No actor this year has had a better opening line, and its unfiltered energy symbolizes everything that's right with Mike Nichols' adaptation of George Crile's highly entertaining 2003 book. "Charlie Wilson's War" is an account of how a playboy Democratic congressman from Texas, a rough-mannered CIA agent and a tony Houston socialite put their heads together to funnel -- in the largest covert operation in history -- a billion dollars in military equipment and aid to Afghanistan in the early to mid-1980s, after the country had been invaded by the Soviet Union.
The last years of the Cold War are fairly recent history; they only seem to have happened eons ago. (In the mirror of hindsight, events are often closer than they appear.) Nichols' movie -- taking its cues from Crile's book, as adapted by Aaron Sorkin -- is a story about political wheeling-and-dealing, and about a rapscallion who set about doing what he believed was the right thing, if for the wrong reasons. Obviously, sending weapons to Afghanistan was one way to fight the Communist threat. On the other hand, there were humane reasons to intervene: What were the Soviets doing dropping bombs on defenseless Afghan villages in the first place? Nichols doesn't turn this story into an essay on political morality; he's more interested in telling the story of a couple of rogue guys (and one rather upscale rogue woman) who put their shoulders to the wheel in the service of their principles. Agreeing with those principles isn't the point; Nichols is more interested in exploring their urge to take action as something quintessentially American.
Tom Hanks plays Wilson, the kind of politico who thinks nothing of sinking into a hot tub with a couple of strippers and a few accompanying snorts of cocaine.

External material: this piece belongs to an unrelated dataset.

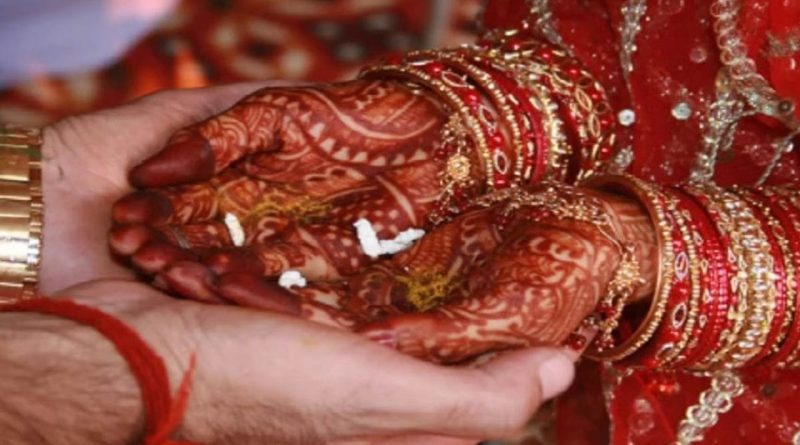 Chanakya Niti : પતિ-પત્ની વચ્ચે અણબનાવ રહે છે? તો આ સલાહ માનો, ચાણક્યએ આપી સુખી જીવનની ચાવી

Moral watchdogs who like their politicians to be pure will be happy to see that this sort of behavior eventually gets him into trouble. But as Hanks plays Wilson, it's thrilling to see him get away with it. Wilson is the sort of guy who peoples his office with Miss Buxley-type secretaries (he wouldn't have called them administrative assistants): "You can teach 'em to type, but you can't teach 'em how to grow tits" is his motto. He wears his suspenders fastened underneath the epaulettes of his shirts: He may not have class, but he does have a certain noisy élan. Texans are often portrayed as being larger than life (those who come from New Haven by way of Texas don't count), and this movie has two of them: The other is Wilson's sometime paramour, Joanne Herring (Julia Roberts), a Houston socialite who pours her political ideas right into Wilson's ear, and Roberts plays her with hair piled high and an equally outsize sense of fun. (In one scene, she regales Wilson with her opinions about the ineffectuality of Congress as she gazes into a mirror, separating her freshly mascara'ed lashes with an open safety pin. Please don't try this at home.)